What this task involves: Omitting all images, transcribe the listing word for word.

Dataset extract:
┌──

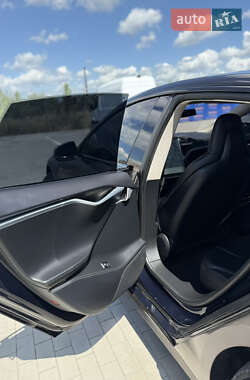 Ліфтбек Tesla Model S 2014 в 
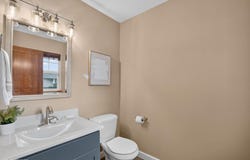 5020 Algonquin Drive, Cedar Falls, IA 50613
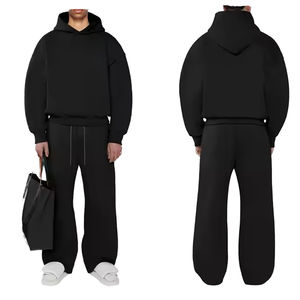 Sweat-shirt à capuche noir épais personnalisé avec logo pour homme, ensemble survêtement hiver uni avec pantalon large, vêtements OEM ODM en gros - Product Image 1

└──

Answer for the task:
 Ліфтбек Tesla Model S 2014 в 
 5020 Algonquin Drive, Cedar Falls, IA 50613
 Sweat-shirt à capuche noir épais personnalisé avec logo pour homme, ensemble survêtement hiver uni avec pantalon large, vêtements OEM ODM en gros - Product Image 1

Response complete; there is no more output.